G.M. Stratton quotes a letter from a Reverend Dr. David Phillipson of Cincinnati who described the so-called "pin test":

...A pin would be placed on a word, let us say, the fourth word in line eight; the memory sharp would then be asked what word is in the same spot on page thirty-eight or fifty or any other page; the pin would be pressed through the volume until it reached page thirty eight or page fifty or any other page designated; the memory sharp would then mention the word and it was found invariably correct. He had visualized in his brain the whole Talmud; in other words, the pages of the Talmud were photographed on his brain. It was one of the most stupendous feats of memory I have ever witnessed and there was no fake about it.

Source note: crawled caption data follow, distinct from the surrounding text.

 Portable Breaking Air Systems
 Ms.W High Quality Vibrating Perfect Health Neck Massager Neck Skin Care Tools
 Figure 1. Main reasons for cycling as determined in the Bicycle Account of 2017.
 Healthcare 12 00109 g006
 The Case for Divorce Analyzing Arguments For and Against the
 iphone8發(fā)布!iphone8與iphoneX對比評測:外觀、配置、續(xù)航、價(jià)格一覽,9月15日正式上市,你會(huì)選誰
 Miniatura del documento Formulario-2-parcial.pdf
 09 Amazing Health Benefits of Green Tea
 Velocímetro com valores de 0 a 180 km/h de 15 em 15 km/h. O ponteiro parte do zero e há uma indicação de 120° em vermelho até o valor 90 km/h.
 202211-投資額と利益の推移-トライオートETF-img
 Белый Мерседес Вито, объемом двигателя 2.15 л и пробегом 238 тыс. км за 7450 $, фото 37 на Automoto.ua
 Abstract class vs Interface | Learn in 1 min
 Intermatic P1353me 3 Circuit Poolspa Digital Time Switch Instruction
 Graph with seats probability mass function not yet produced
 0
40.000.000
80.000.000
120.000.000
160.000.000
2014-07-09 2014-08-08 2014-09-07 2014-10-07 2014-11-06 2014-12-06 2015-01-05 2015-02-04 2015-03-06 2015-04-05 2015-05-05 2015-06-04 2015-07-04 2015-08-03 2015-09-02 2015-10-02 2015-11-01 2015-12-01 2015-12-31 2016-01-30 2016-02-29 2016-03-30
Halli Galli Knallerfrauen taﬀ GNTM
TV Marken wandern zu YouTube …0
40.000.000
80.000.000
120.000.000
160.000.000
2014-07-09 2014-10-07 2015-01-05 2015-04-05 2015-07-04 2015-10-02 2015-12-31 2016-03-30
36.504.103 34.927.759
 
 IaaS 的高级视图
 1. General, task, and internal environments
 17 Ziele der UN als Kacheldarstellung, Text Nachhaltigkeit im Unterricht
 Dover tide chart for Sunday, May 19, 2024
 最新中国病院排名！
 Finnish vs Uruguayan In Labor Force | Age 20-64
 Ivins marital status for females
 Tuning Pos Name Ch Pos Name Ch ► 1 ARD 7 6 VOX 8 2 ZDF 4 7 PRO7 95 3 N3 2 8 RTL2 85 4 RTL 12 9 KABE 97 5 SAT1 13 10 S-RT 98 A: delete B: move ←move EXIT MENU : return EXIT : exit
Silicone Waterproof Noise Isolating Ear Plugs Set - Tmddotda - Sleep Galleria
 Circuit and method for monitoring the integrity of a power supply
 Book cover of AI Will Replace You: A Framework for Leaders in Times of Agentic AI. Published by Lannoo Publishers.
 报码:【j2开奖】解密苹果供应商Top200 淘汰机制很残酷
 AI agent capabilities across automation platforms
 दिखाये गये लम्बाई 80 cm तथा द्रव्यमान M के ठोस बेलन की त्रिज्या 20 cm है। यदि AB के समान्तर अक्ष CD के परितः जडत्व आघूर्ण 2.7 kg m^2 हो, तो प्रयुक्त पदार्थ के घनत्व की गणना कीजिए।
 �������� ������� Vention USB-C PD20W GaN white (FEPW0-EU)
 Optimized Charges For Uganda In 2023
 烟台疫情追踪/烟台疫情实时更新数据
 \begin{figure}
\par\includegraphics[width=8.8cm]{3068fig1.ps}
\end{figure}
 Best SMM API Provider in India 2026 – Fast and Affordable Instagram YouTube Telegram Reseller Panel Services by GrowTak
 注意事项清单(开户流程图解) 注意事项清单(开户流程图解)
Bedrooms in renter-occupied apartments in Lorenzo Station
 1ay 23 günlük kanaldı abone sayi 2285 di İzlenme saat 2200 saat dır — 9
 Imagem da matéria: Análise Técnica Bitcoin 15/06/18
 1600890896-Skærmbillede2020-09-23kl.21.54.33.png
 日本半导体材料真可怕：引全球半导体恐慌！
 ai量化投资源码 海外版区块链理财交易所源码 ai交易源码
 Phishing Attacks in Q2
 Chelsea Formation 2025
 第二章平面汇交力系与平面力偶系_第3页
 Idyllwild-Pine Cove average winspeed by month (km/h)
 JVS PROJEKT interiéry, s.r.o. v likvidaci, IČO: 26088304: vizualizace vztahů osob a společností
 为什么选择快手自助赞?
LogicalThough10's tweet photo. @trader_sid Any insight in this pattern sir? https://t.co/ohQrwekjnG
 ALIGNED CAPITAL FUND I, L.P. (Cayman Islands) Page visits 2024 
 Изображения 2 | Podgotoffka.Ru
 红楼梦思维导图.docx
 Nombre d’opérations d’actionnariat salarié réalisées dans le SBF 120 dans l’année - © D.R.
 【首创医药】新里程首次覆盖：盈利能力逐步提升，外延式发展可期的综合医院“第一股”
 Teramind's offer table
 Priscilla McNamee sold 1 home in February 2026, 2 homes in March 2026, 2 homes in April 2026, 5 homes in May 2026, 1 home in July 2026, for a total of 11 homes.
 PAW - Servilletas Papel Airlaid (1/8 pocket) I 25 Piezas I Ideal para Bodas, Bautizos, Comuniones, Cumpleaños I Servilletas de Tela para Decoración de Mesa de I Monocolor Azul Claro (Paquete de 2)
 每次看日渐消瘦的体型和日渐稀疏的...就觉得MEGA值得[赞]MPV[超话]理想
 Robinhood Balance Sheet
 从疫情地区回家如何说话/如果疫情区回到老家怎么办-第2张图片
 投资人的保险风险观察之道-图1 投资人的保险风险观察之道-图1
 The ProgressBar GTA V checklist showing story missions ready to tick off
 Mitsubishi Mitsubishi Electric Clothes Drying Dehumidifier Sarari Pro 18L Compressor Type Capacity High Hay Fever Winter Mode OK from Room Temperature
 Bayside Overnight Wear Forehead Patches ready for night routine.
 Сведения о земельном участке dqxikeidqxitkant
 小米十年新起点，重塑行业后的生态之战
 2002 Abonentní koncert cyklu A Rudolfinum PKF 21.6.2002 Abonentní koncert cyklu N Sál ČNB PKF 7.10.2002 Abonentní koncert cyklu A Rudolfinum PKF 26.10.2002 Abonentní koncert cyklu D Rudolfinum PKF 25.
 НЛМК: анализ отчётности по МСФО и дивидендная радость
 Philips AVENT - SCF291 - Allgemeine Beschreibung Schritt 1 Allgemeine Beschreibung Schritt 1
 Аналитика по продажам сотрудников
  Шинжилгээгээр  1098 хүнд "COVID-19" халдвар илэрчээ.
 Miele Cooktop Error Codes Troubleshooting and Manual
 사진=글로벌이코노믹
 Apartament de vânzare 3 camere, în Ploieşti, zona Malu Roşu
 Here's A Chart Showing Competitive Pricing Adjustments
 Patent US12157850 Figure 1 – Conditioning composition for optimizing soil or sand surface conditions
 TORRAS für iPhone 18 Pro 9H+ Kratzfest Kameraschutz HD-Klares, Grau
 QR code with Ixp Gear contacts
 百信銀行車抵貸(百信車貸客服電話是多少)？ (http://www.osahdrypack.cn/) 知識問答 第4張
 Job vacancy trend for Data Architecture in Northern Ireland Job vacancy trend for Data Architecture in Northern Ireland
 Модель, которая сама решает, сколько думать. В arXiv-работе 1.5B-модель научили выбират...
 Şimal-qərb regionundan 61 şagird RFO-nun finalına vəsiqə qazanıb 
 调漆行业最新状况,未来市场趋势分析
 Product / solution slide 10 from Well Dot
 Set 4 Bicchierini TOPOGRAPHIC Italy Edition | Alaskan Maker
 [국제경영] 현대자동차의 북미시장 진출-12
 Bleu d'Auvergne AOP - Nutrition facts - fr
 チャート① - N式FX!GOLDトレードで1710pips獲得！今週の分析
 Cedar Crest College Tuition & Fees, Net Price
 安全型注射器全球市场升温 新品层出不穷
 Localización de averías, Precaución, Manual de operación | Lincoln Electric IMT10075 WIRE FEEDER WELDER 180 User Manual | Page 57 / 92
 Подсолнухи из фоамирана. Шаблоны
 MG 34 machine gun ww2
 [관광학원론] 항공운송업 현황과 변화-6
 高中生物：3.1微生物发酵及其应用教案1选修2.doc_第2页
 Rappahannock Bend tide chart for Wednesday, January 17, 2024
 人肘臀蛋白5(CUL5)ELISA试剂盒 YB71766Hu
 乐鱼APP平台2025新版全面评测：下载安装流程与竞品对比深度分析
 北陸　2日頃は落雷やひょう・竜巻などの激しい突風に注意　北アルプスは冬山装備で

Another reputable witness was Dr. Solomon Schechter, the then President of the Jewish Theological Seminary of America.

This feat has since been quoted in many books on memory.

Stratton writes that all eyewitnesses noticed that none of the Shas Pollak known to them have attained any prominence in the scholarly world.

In a footnote, Stratton's article also mentions that memorizing the Talmud was a subject of the work by J. Brüll, "Die Mnemotechnik des Talmuds", Vienna, 1864, and that the Talmudic mnemonics is a subject of an article in the Jewish Encyclopedia.

==Etymology==
"Shas" is a Hebrew acronym for the words shishah sedarim, "six orders", or Mishnah; "shas" is also a colloquial reference to the Talmud. "Pollak" means "Pole" in Yiddish, referring to a Polish Jew, so the term literally means "The Talmud-Pole" or the "Polish Talmudist."

==Literary references==

A 1993 novelette Ginger (Рыжик) by Mikhail Veller about the fate of a Jewish boy who became a member of spetsnaz, has the following passage: "Torah was supposed to be known as follows. The Grandfather opened the book at random and punched a word with a pin. You were supposed to recite the text starting with the word pinned on the opposite page of the sheet."